**TASK TO CARRY OUT:** What is wanted is every line below from the one with "Son’s Retribution Chapter 45 - Page 18" up to and including the one with "PATRIKI RESTAURANT. КИПЯТКОМ АЛМАТЫ!", retyped exactly, pictures excluded, nothing else.

── DATA LISTING

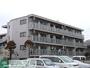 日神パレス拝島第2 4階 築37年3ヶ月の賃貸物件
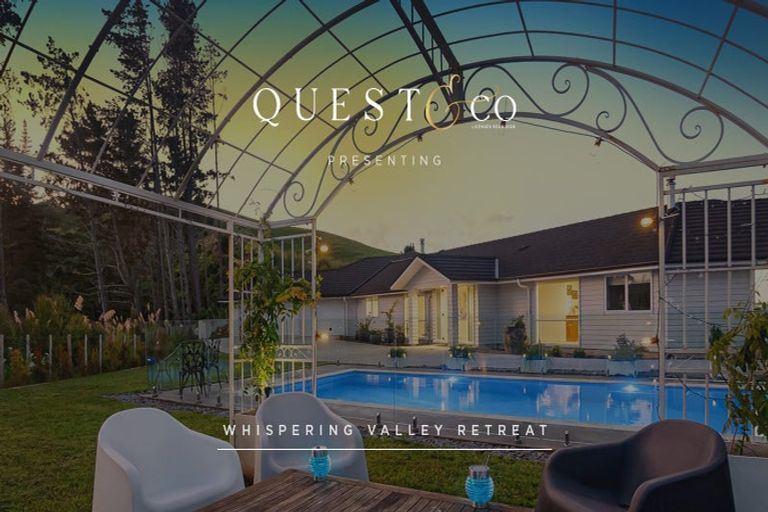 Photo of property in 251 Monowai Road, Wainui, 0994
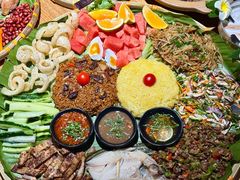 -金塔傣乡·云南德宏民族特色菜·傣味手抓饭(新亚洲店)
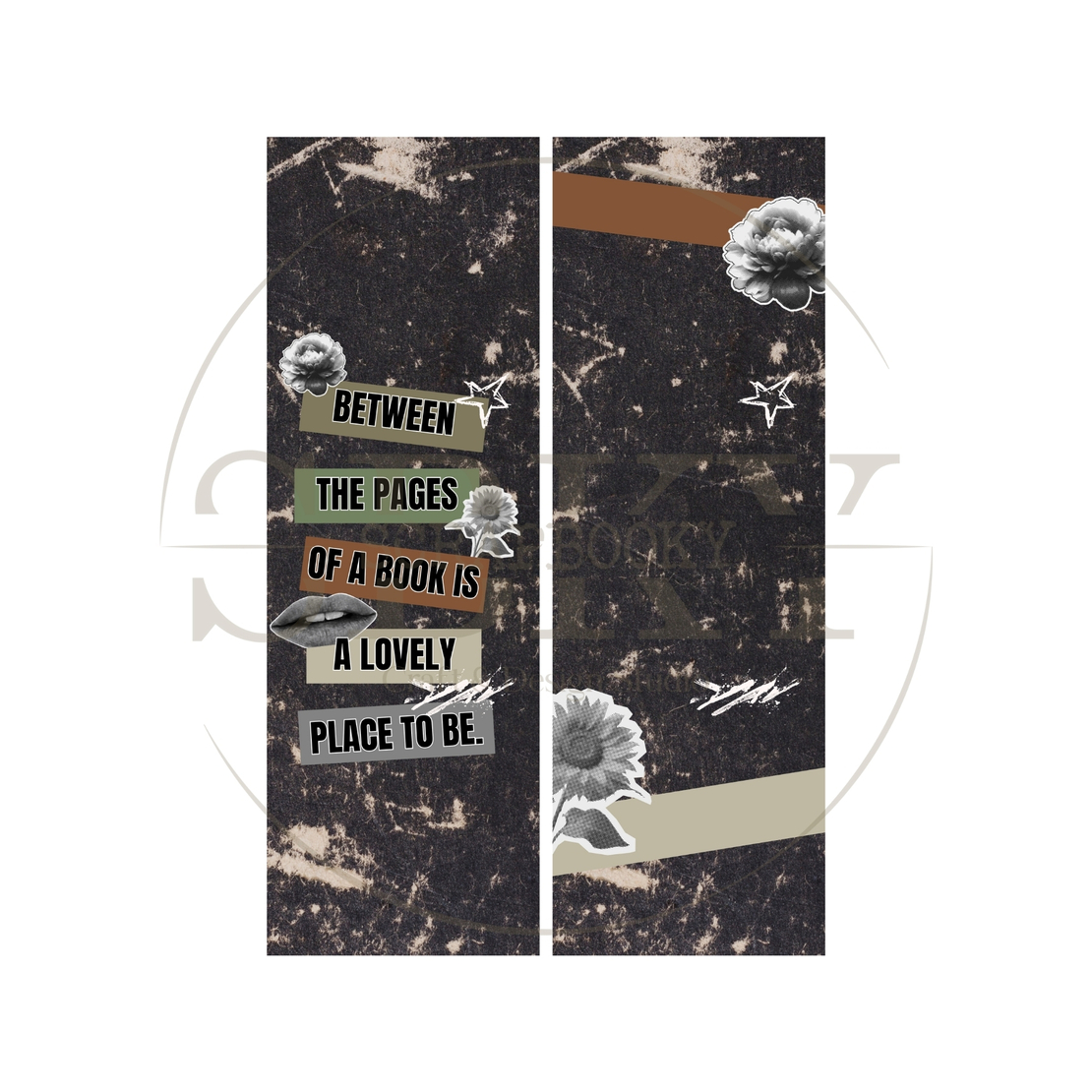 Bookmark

────
── DATA LISTING

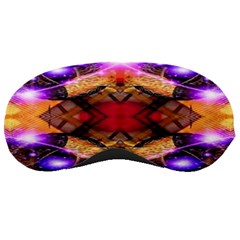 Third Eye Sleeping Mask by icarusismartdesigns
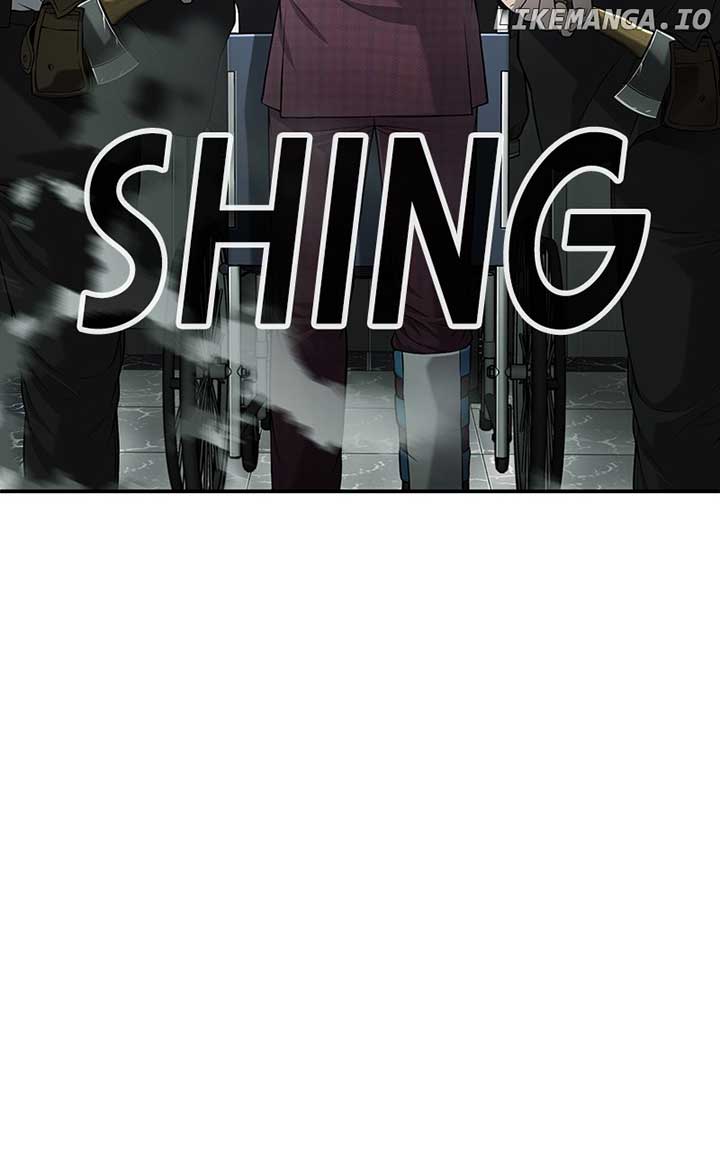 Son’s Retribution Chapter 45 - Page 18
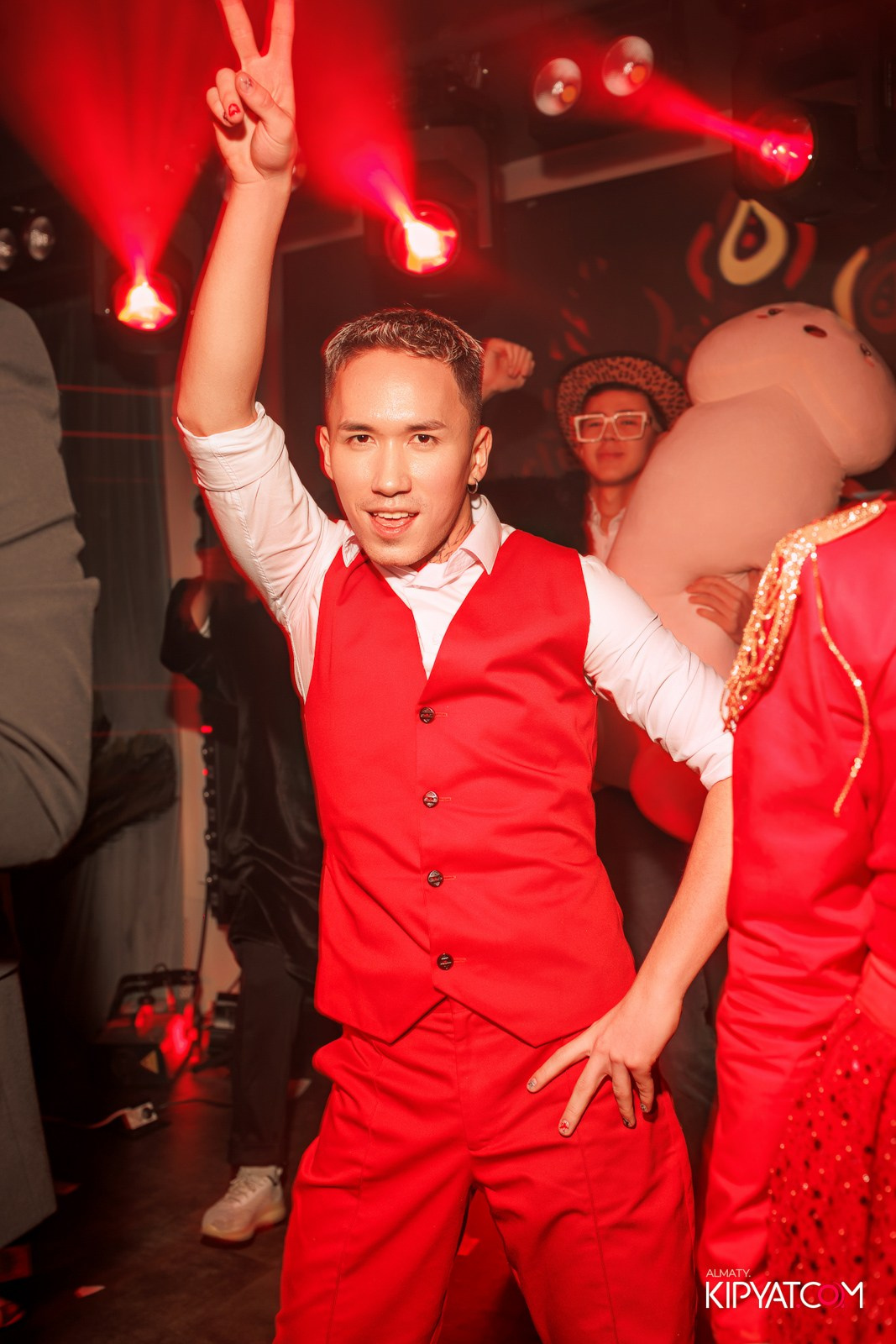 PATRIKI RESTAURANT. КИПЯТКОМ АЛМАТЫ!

────

**TASK RESPONSE:**
 Son’s Retribution Chapter 45 - Page 18
 PATRIKI RESTAURANT. КИПЯТКОМ АЛМАТЫ!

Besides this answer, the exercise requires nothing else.